> [What to produce]: With the pictures removed, the data below must be transcribed in full and exactly.

> [Data block]:
------------

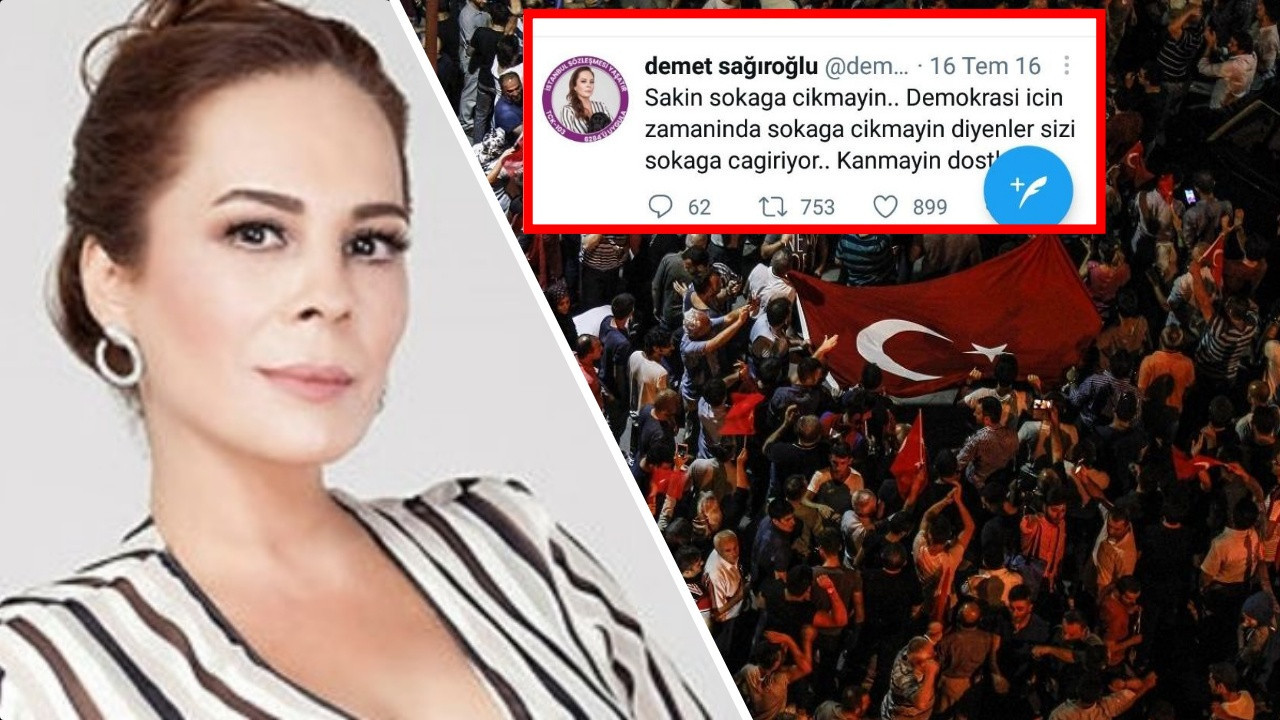 AK Parti'den Demet Sağıroğlu'na tepki: 15 Temmuz tweetleri de ortaya çıktı!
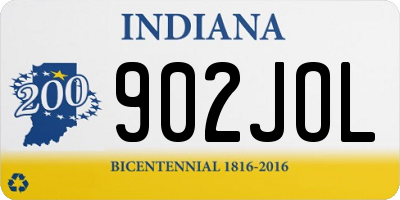 IN license plate 902JOL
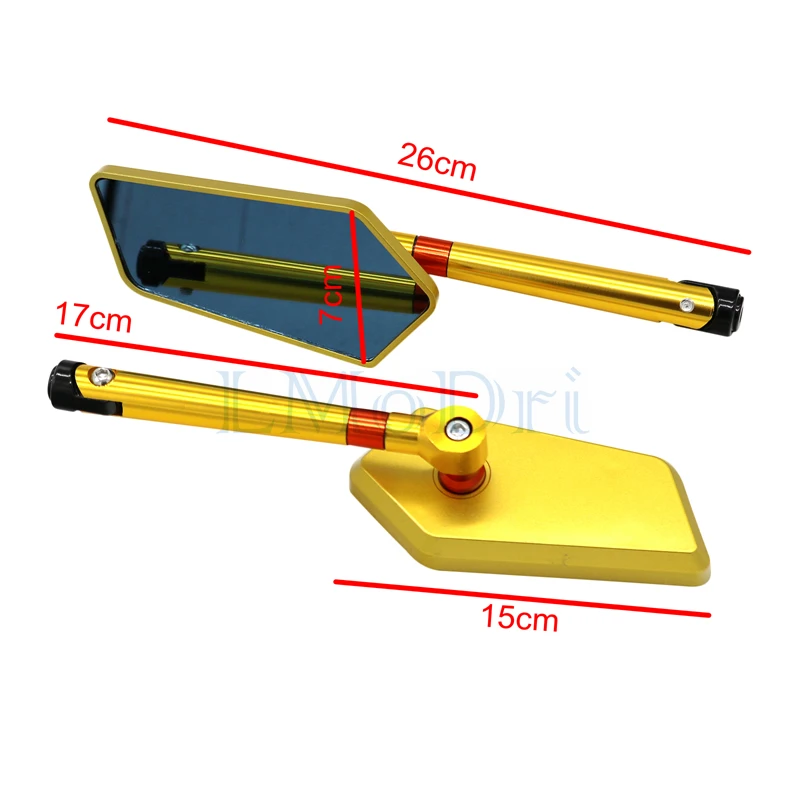 LMoDri Новая мотоциклетная обувь задняя сторона зеркало для honda R1 R3 R6 FZ6 GSXR600 750 1000 NINJA250 ZX-6R Z750 Z800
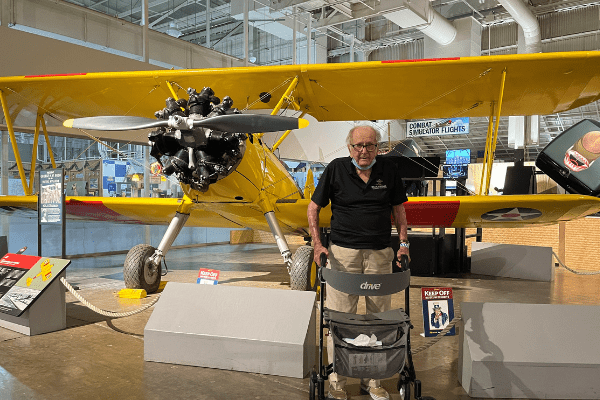 Untitled design (80) Ed Jurkens with one of his favorite aircraft, the Stearman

------------

> [Answer area]:
 AK Parti'den Demet Sağıroğlu'na tepki: 15 Temmuz tweetleri de ortaya çıktı!
 IN license plate 902JOL
 LMoDri Новая мотоциклетная обувь задняя сторона зеркало для honda R1 R3 R6 FZ6 GSXR600 750 1000 NINJA250 ZX-6R Z750 Z800
 Untitled design (80) Ed Jurkens with one of his favorite aircraft, the Stearman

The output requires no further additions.